Die Körpermaße der Deutschen sind neu vermessen worden – Kleiderkäufer werden es danken. Denn immer mehr Kunden stellen in der Umkleidekabine fest, dass die Kleidermaße nicht den Körpermaßen entsprechen.

Wer einen „altmodisch“ schlanken Körper hat, mit Durchschnittsmaßen von vor 15 oder 30 Jahren, hat es beim Kleiderkaufen leicht. So lange ist es her, dass die Körpermaße in Deutschland systematisch gemessen wurden. Immer mehr Kunden stellen in der Umkleidekabine fest, dass die Kleidermaße nicht den Körpermaßen entsprechen. Letztere haben sich in den letzten Jahrzehnten teilweise stark verändert, wie eine repräsentative Reihenmessung des Textilforschungszentrums Hohenstein Institute und der Ergonomiefirma Human Solutions zeigt.

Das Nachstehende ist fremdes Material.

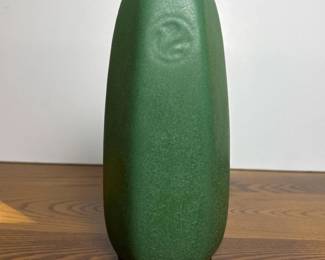 071 vintagemattegreenceramicpotteryvase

Ganz besonders wachsen die Deutschen in die Breite: um 4,1 Zentimeter umfangreicher sind die Taillen von Frauen im Vergleich zu 1994, um 4,4 Zentimeter die von Männern im Vergleich zu 1980. Auch die Hüften sind umfangreicher: bei Frauen um 1,8 Zentimeter, bei Männern um 3,6 Zentimeter. Die neue Messung sei daher „dringend notwendig“ gewesen, sagt Studienleiter Martin Rupp von den Hohenstein Instituten. „Der Zeitabstand, vor allem zu der letzten Reihenmessung von Männern 1980, war wirklich sehr lange.“ Allerdings hätten die Unternehmen auch selbst den Markt beobachtet und teilweise Kleidungsgrößen angepasst. „Durch die Studie wissen sie jetzt aber im Detail, wie sich die Maße verändert haben“, sagt Rupp.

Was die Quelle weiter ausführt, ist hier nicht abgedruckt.